アメリカ兵からすると、狂信的な全体主義者で、まるで一枚岩のように団結しているかのように見えた日本軍の兵士たちだが、彼らから見えない地下トンネルの中では、栗林中将の作戦をめぐって、特に自決を禁じたことに対して将校や兵士たちの激しい対立が繰り広げられている。国のため、天皇のためという「公」の思いと、ただ生きて再び家族に会いたいという「私」の思いとのせめぎ合いの中で、ある者は誇りを持って責務を果たしすために自決の道を選び、ある者は生か死かの狭間ではげしく心を揺さぶられながら自決して果て、ある者は相手の戦車を巻き添えに勇ましい自爆を図ろうとして、果てることなく茫然自失となる。そこには、アメリカ兵がそうであったように、愚かだが愛すべき人間たちの姿があった。 西郷はそんな中にあって、あくまでも「私」としての自分を失わない。彼は体罰を食らっているところを栗林中将に助けられ、この異色の司令官を慕うようになる。擂鉢山がアメリカ軍の手に落ちて撤退を余儀なくされると、彼は中将の自決を禁じる命令を守って地下の坑道を北へ、北へと退却していゆく。

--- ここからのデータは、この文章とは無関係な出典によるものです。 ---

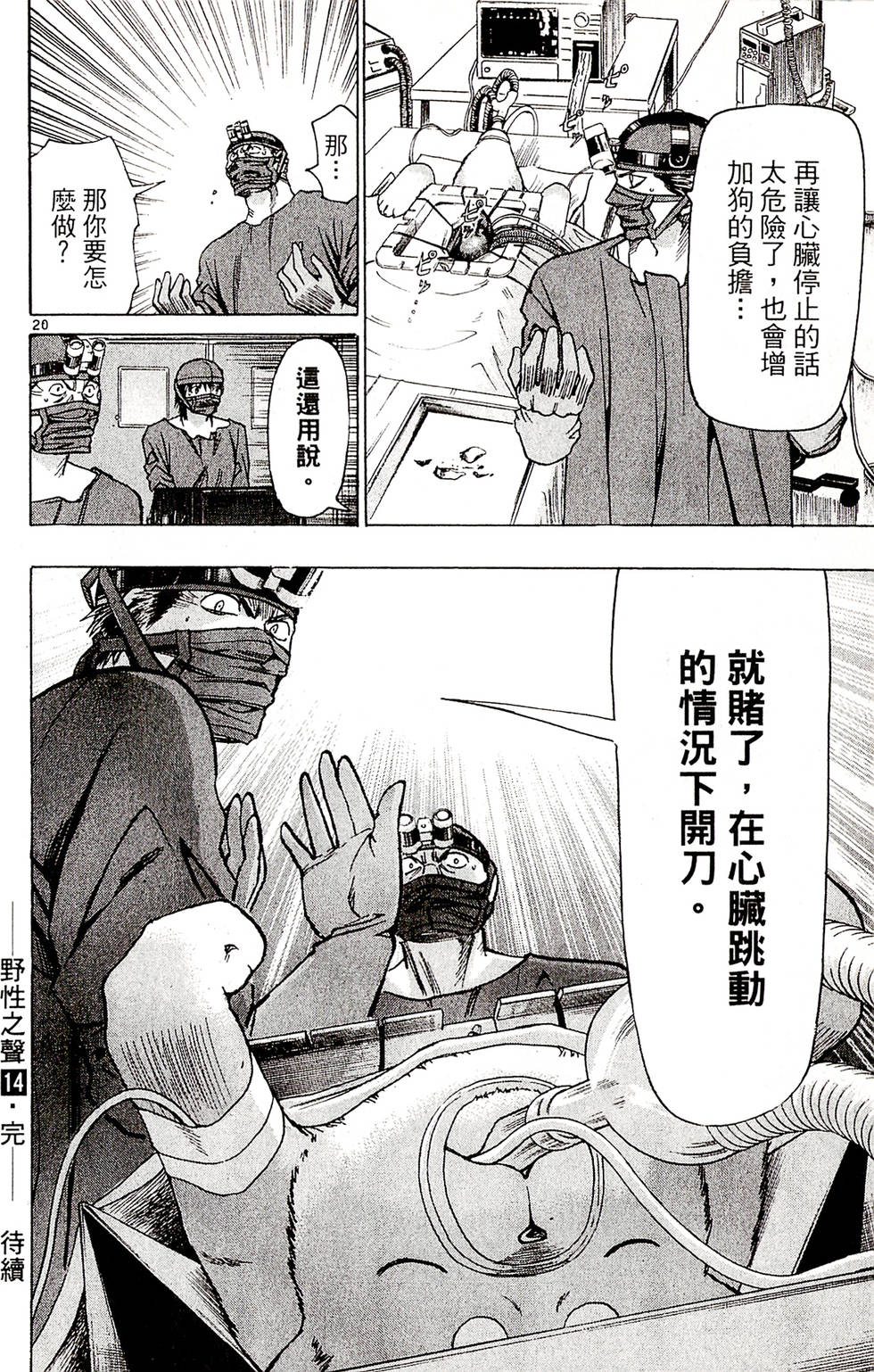 第186页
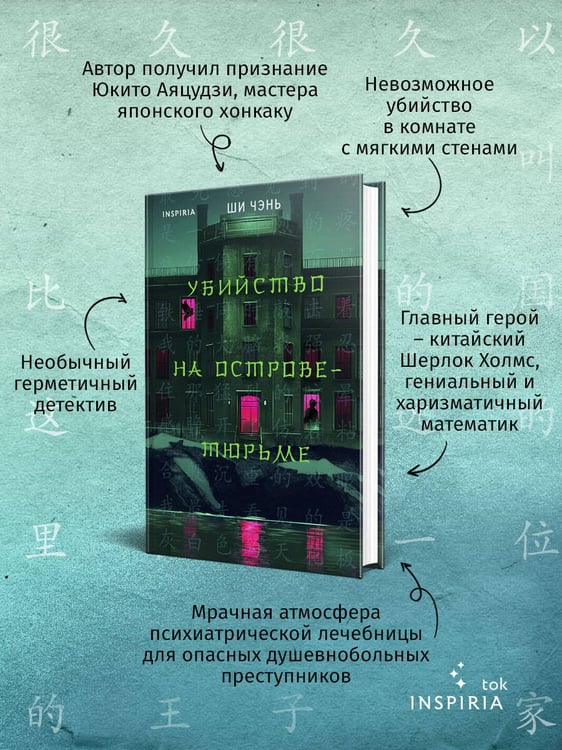 Дополнительное изображение книги «Китайский Шерлок Холмс. Комплект из 2-х книг (Шанхайская головоломка. Убийство на Острове-тюрьме)»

そして再び中将と出会って言葉を交わすことになる。このとき二人は、司令官と一兵卒という上下の関係から、娘を持つ父親という同じ思いを持つ立場へと変わってゆく。このときまで西郷が生き延びたのは、一つには中将の命令に従ったからだが、もう一つは(奇しくも前作でインディアンの兵士アイラが涙ながらに語ったように)弾をよけてばかりいる臆病者だったからである。そして三度西郷は栗林中将と出会う。中将の自決と、それを目の当たりにして次に西郷が取った行動には、あとから魂に響いてくる何かがあった。「なぜ彼らは生きて帰ることのできない、勝利も望めないと分かっているこの戦いをそうまでして戦ったのか」。私たちは彼らが死地で書きつづった手紙を、これから開けてみなければならない。 栗林中将の渡辺謙、西郷の二宮和也、バロン西の伊原剛志、そして伊藤中尉の中村獅童に元憲兵の加瀬亮など、いずれも情感のこもった素晴らしい演技を見せる。公と私、本音と建前がせめぎ合う葛藤の中にあって、みな台詞の背景に込められた複雑な心の動きをあますことなく表現していた。あくまで突き放すような淡々とした語り口と、鎮魂歌のような静かな音楽は、この手の物語にありがちな「泣かせる」演出の対極にあるものである。ただ、彼らの生き様、そして死に様は静かに心に染み渡り、長い時間がたってから、自分が魂で泣いていることに気付くのだ。